Mais la transparence ne suffit pas. Elle n’a de valeur que si elle débouche sur des actions concrètes, rapides et mesurables.
Or, face à une situation aussi grave, l’État haïtien reste pour l’instant dans une logique déclarative, multipliant les annonces de contrôles renforcés sans calendrier précis ni mécanisme d’évaluation publique.
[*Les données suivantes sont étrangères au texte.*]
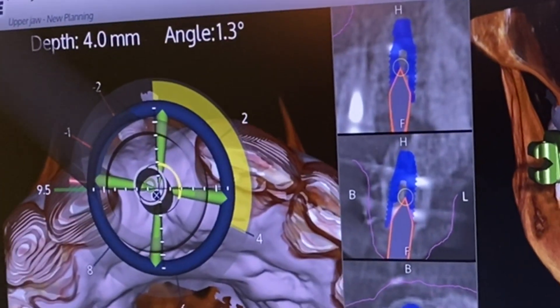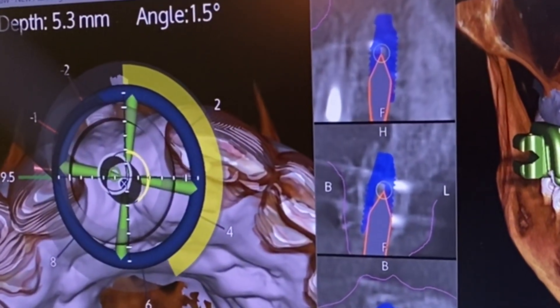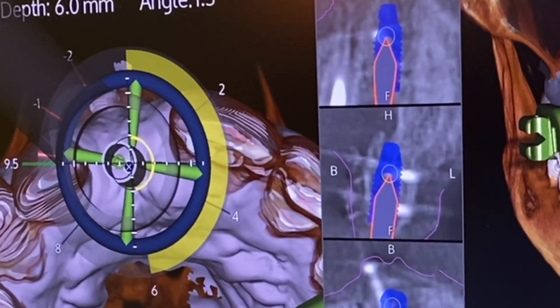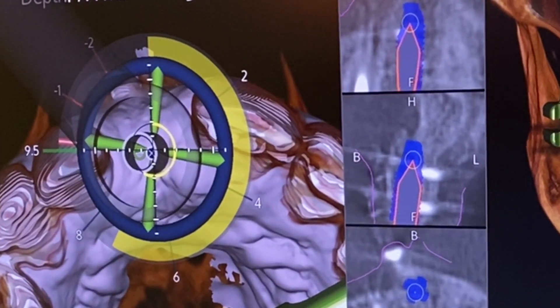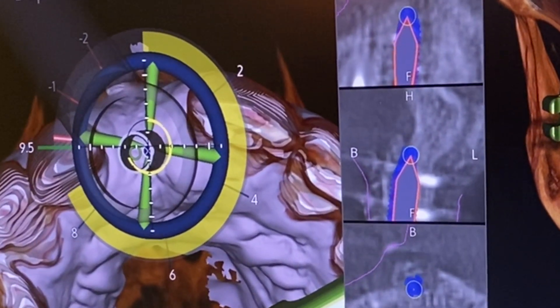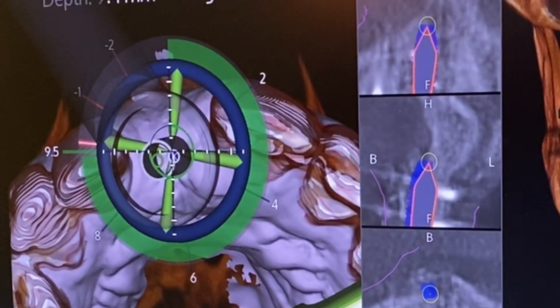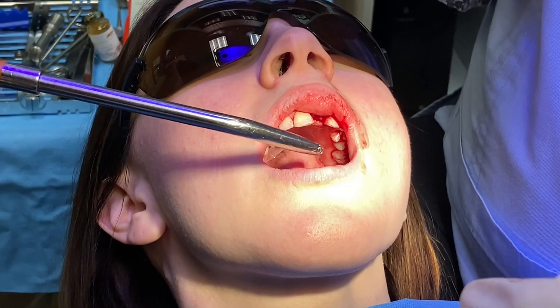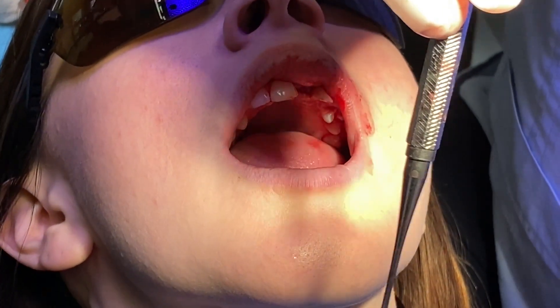I'll be watching the screen, and the patient access is managed by the dental assistant — she's holding the tissues and everything out of the way. As I place the implant, we get it exactly into position, and the computer will give us feedback and say you're right there. It's green, which means we're good and we've got the implant to the right depth.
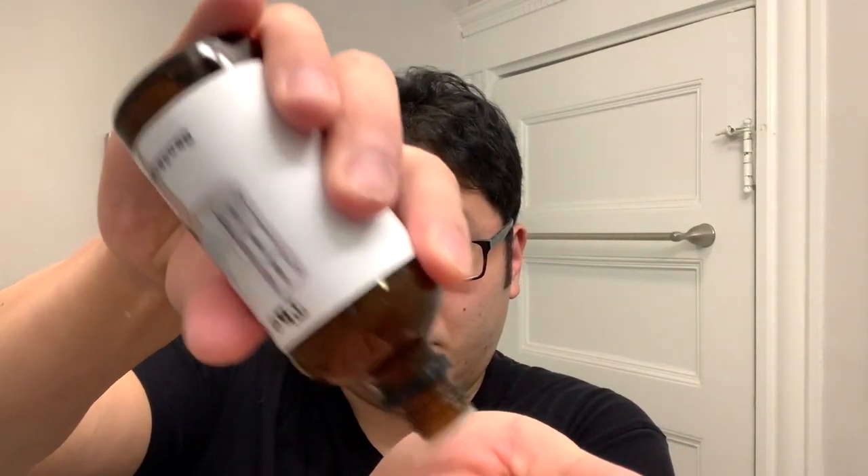Just going to clean up here. Now with the post shave, we're going with The City from The Club. As you can see on the bottle right here, it says sandalwood and oud. The scent is different but they're in the same family and they're complementary. I'm pretty happy with how these two are working together.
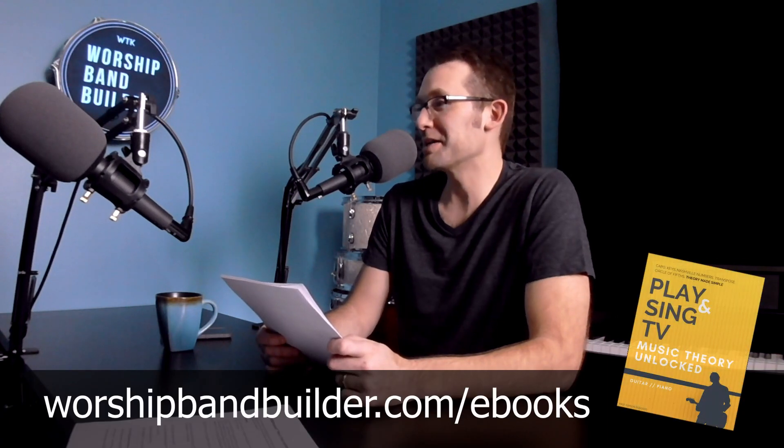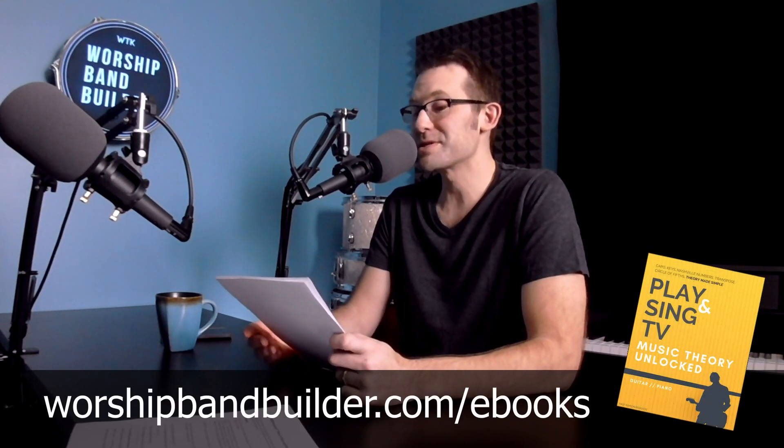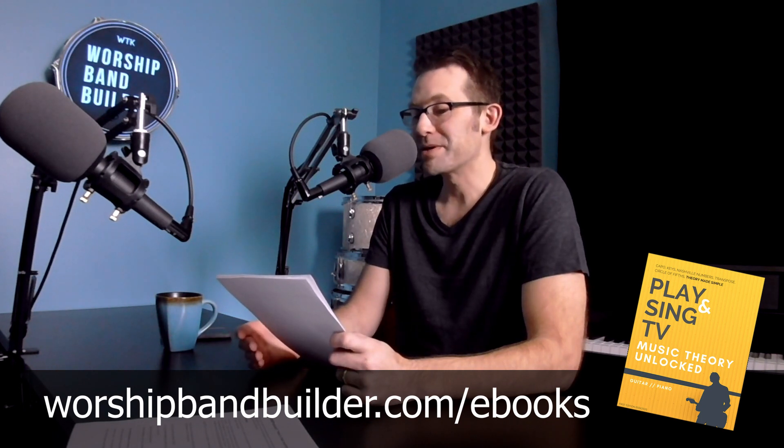Will you please tell us about your new books? Because the covers are so cute. She loves the covers. They're called Play and Sing Music Theory Unlocked.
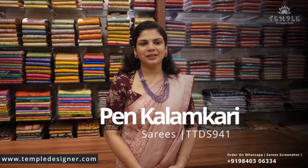Hi, Hello! Welcome to Temple the Designer Studio and this is Nandini Sharaman. Here we are going to show you a semi-tosser silk saree — pen column designs. It is a very exclusive design. Let's get into the video.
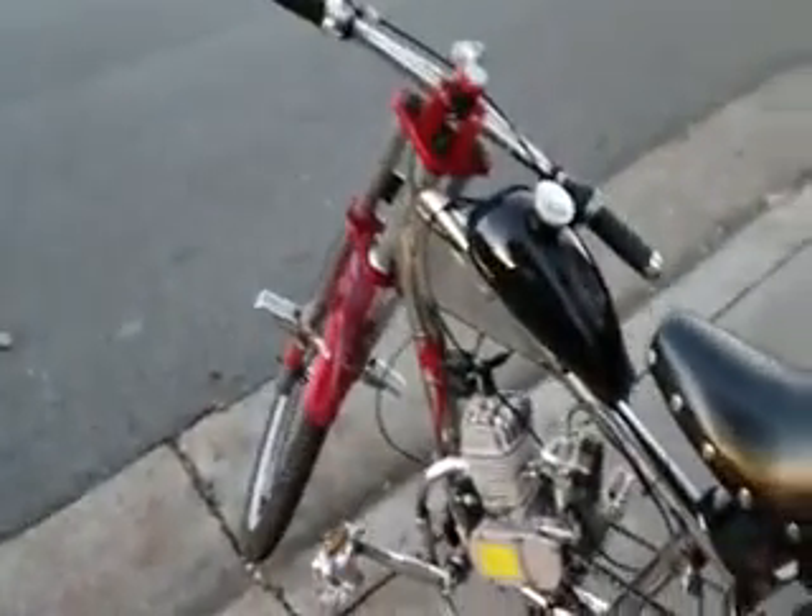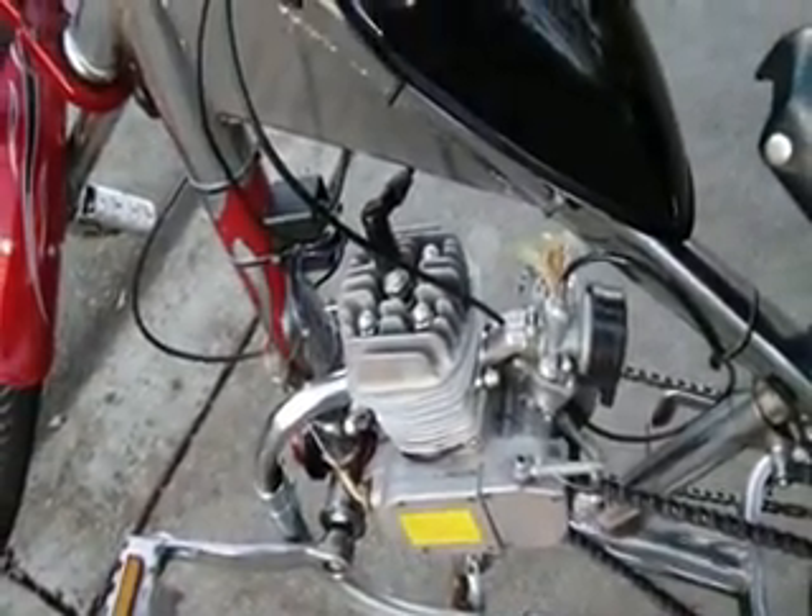this is my 80cc Schwinn OCC motorized bike. It's the 80cc motor from eBay, from boygofast.com — got it for like 110 bucks.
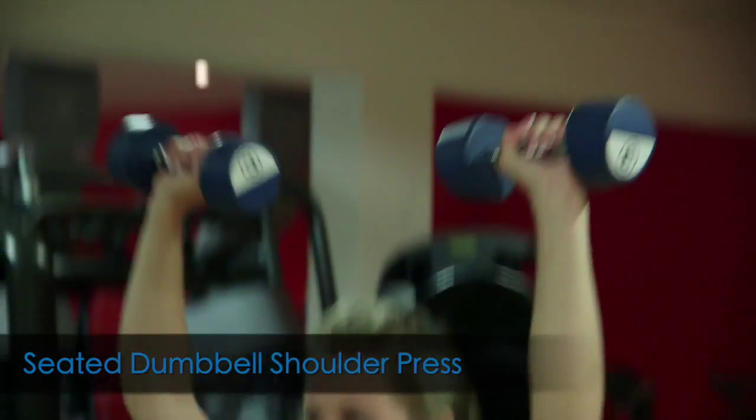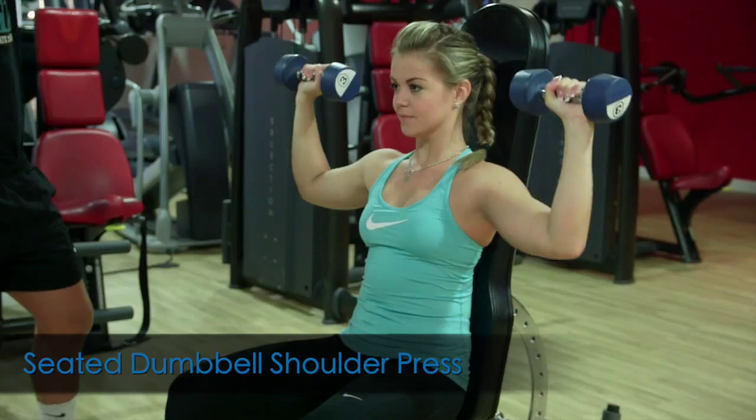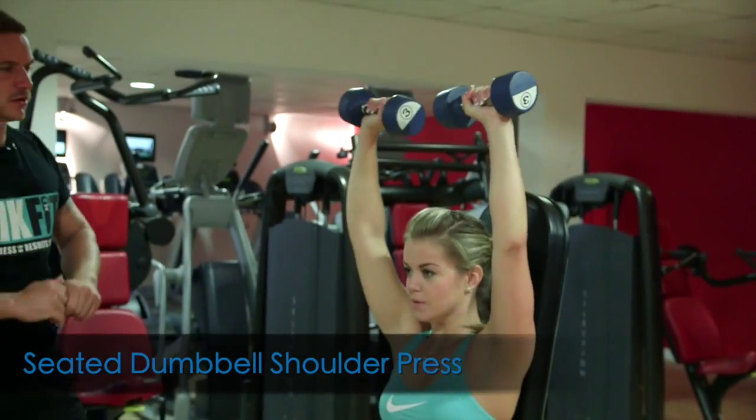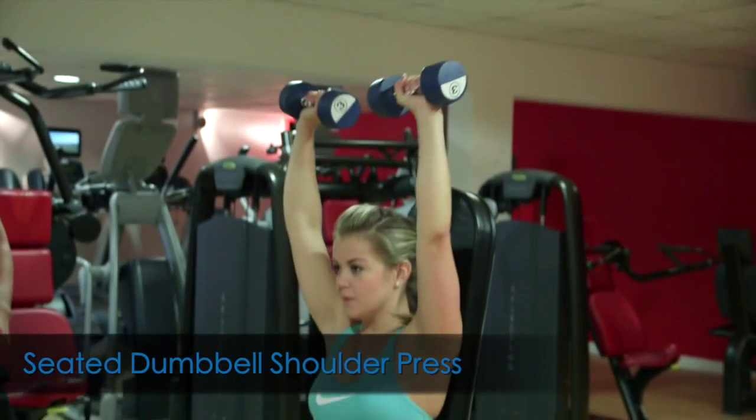Nice and controlled on the way down and on the way up. Coming up with a slight bend at the top of the movement, so she's not going to lock out. Particularly important when you start getting into the heavier weight ranges, to avoid any damage to the elbows.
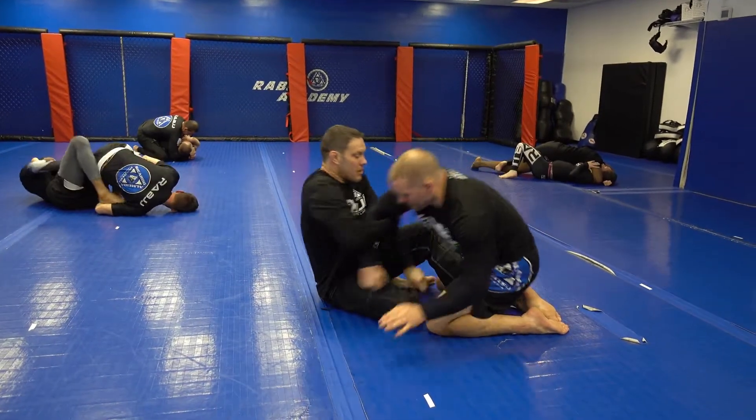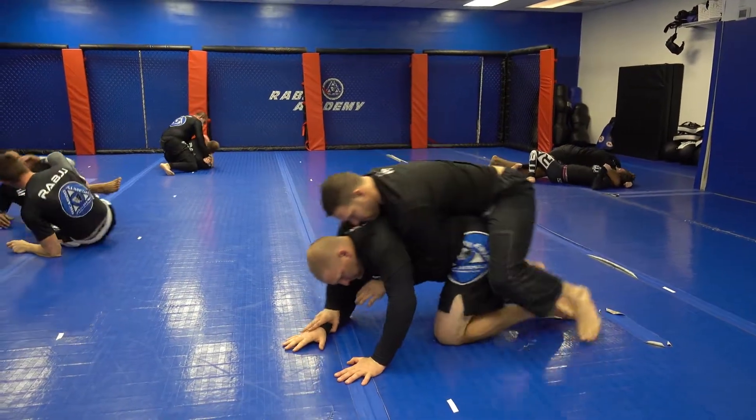He grabs my wrist so I'll redrag — very similar to the position before.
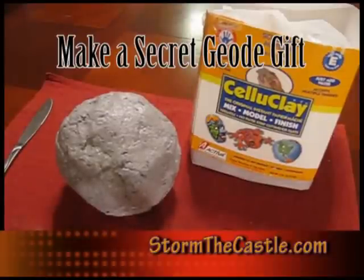Hi, it's Will from StallmanTheCastle.com and this is a tutorial on how to make something I call a secret geode gift.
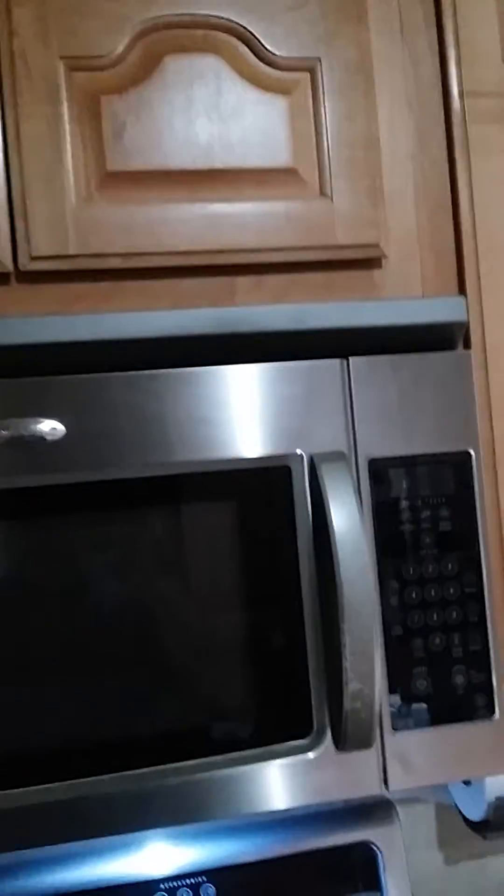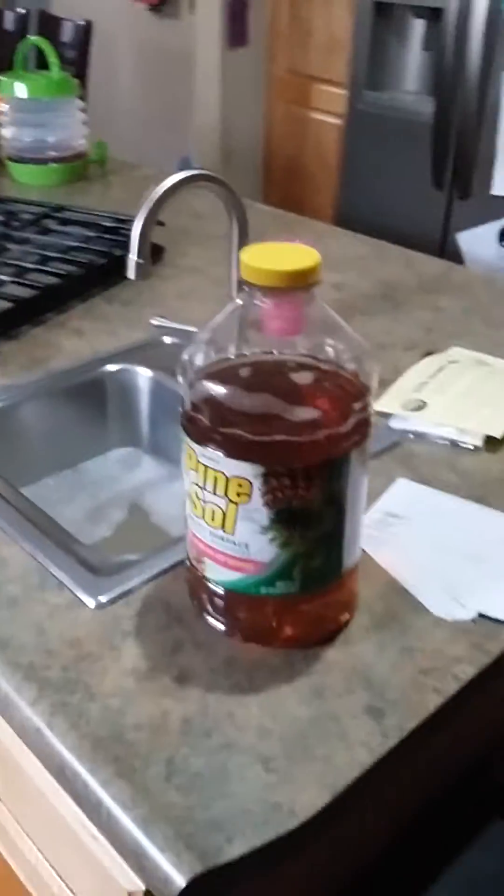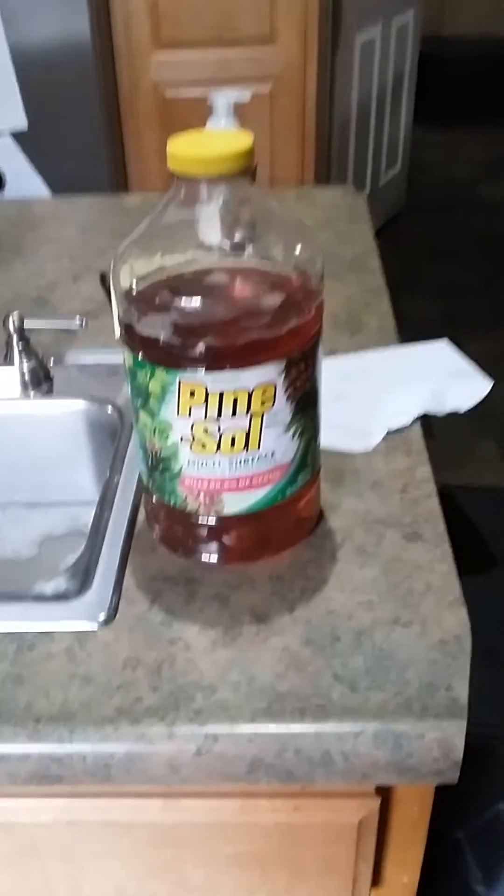Hi guys, I just wanted to show you how you could take the grease off your cabinets — or anything — really easy. Better than mineral spirits or anything else I've tried. This works really good, and you will not believe what it is. Are you ready? Here it is. That's right: Pine-Sol Multi-Surface Clean and Deodorize.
« La transparence institutionnelle ne vaut que lorsqu’elle se traduit par des décisions visibles et mesurables. »
Le problème dépasse largement un simple dysfonctionnement du marché de l’eau. Il s’agit d’une défaillance structurelle de régulation, où l’absence de contrôle effectif a permis la prolifération de produits potentiellement dangereux pour la santé publique.
La responsabilité du secteur privé est indéniable, mais elle ne peut occulter celle de l’État, garant de la sécurité sanitaire.
Une réponse crédible implique des mesures immédiates : publication régulière des analyses, fermeture des unités non conformes, sanctions effectives et coordination étroite avec le ministère de la Santé publique.
Sans ces actions, les engagements actuels risquent de rejoindre la longue liste des réformes annoncées mais jamais appliquées.
Dans un contexte où la qualité de l’eau touche directement à la survie quotidienne, l’inaction n’est plus une option administrative, mais un risque collectif majeur.